Qiita (canonically pronounced cheetah) is an entirely open-source microbiome storage and analysis resource that can run on everything from your laptop to a supercomputer. It is built on top of the widely used QIIME package, and enables the exploration of -omics data. The resource (http://qiita.microbio.me/) currently supports the MIMARKS specification, allowing users to generate and validate MIMARKS-compliant templates. These templates can be viewed and completed in the users’ spreadsheet editor of choice (e.g. Microsoft Excel). The Qiita web-platform also offers an ontology lookup and georeferencing tool to aid users when completing the MIMARKS templates. Additional tools for processing and analyzing MIMARKS-compliant microbial communities using this platform will be made available to the public on an ongoing basis.

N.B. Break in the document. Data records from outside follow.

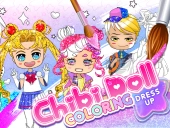 Chibi doll coloring & dress up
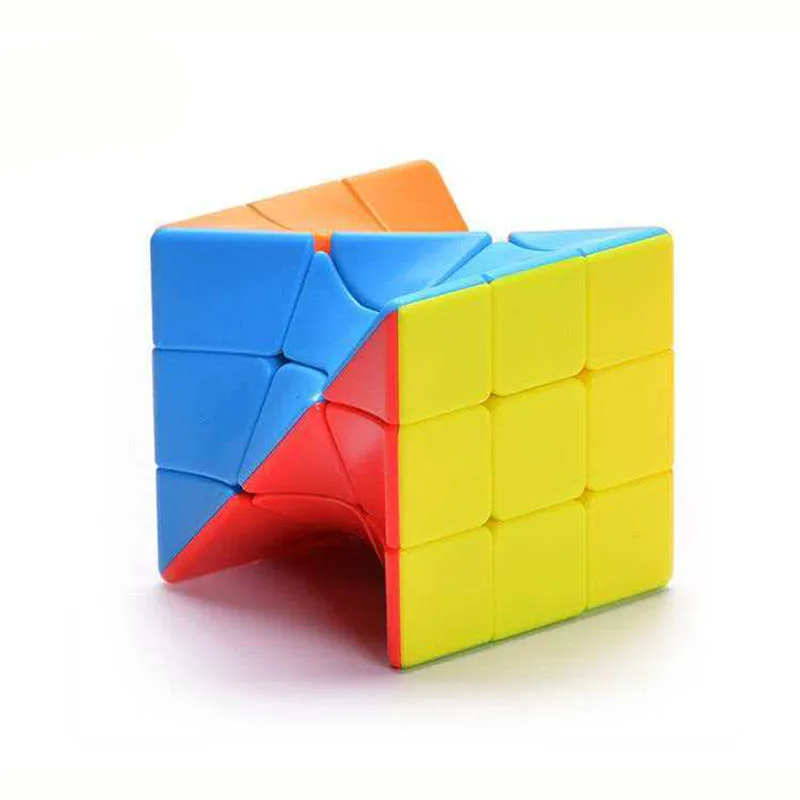 컬러풀 트위스트 큐브 3x3x3 부드러운 회전 두뇌 훈련 게임 어린이 성인 IQ 논리 퍼즐 교육용 장난감 생일 선물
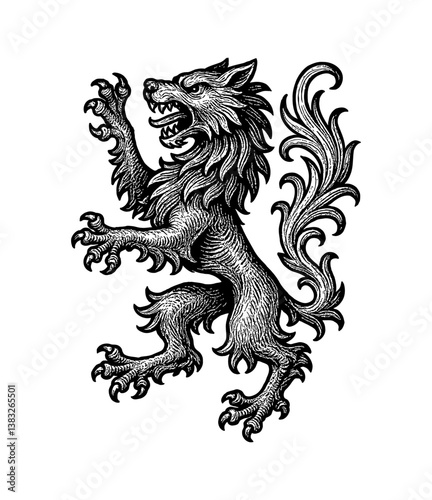 Heraldic Wolf Rampant Engraving with Floral Detail in Black and White, Roaring Fiercely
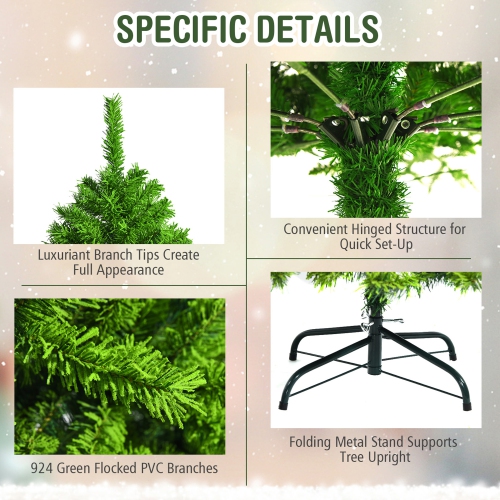 Gymax 6.5 FT Verdant Artificial Christmas Tree Hinged Green Flocked Xmas Tree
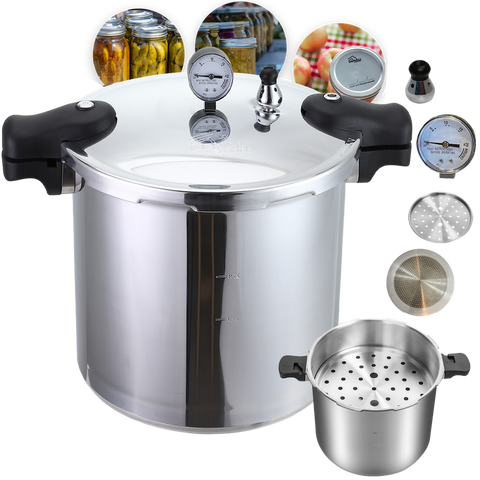 Denali Pressure Canner & Cooker | 23 Quart | Induction Compatible with Pressure Gauge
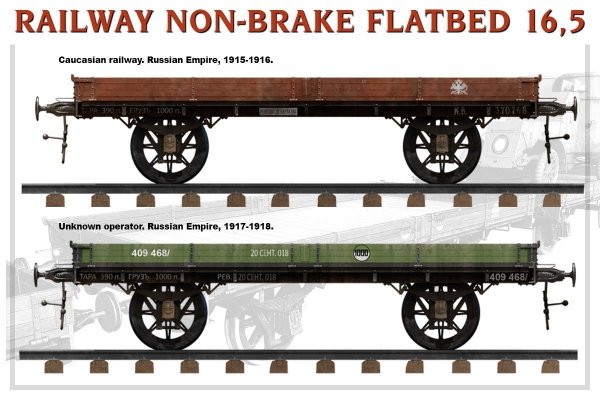 MiniArt 39004 RAILWAY NON-BRAKE FLATBED 16,5 t 1/35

RDP Googlesheets and SRA services

RDP’s Google Sheets assist researchers by providing easy online accessible data entry and storage for metadata conforming to the MIxS and the MIMARKS specifications for all 14 current environments. After you collect your metadata, you can export your MIMARKS-compliant data by selecting the menu item “MIMARKS Export” and choose your desired output: WebIN or Sequin. The RDP SRA Prepkit is no longer available. Please use the new SRA prep/submission tools hosted by ENA or NCBI to complete data submission. RDP users should contact RDP Staff if you have questions or need assistance to begin the process involved in preparing metadata documents that are required for submission to the Sequence Read Archive (SRA).

EBI Metagenomics Portal

The EBI Metagenomics service is an automated pipeline for the analysis and archiving of metagenomic data that aims to provide insights into the functional and metabolic potential of a sample. Until October 2012, the EBI Metagenomics service offered a manually-assisted submission route, with help available to ensure data and metadata formatting complied with the Sequence Read Archive (SRA) data schema and the Genomic Standards Consortium (GSC) sample metadata guidelines respectively, allowing harmonisation of analysis efforts across the wider genomics community. From October 2012, submitters of metagenomic datasets are encouraged to make use of ENA’s SRA Webin submission service, which supports all of the MIxS checklists.

Others

The SIGS Journal

The “Standards in Genomic Sciences” (SIGS) journal is the first journal to require MIGS for the publication of all genome papers. SIGS has published over 50 MIGS-compliant genome reports.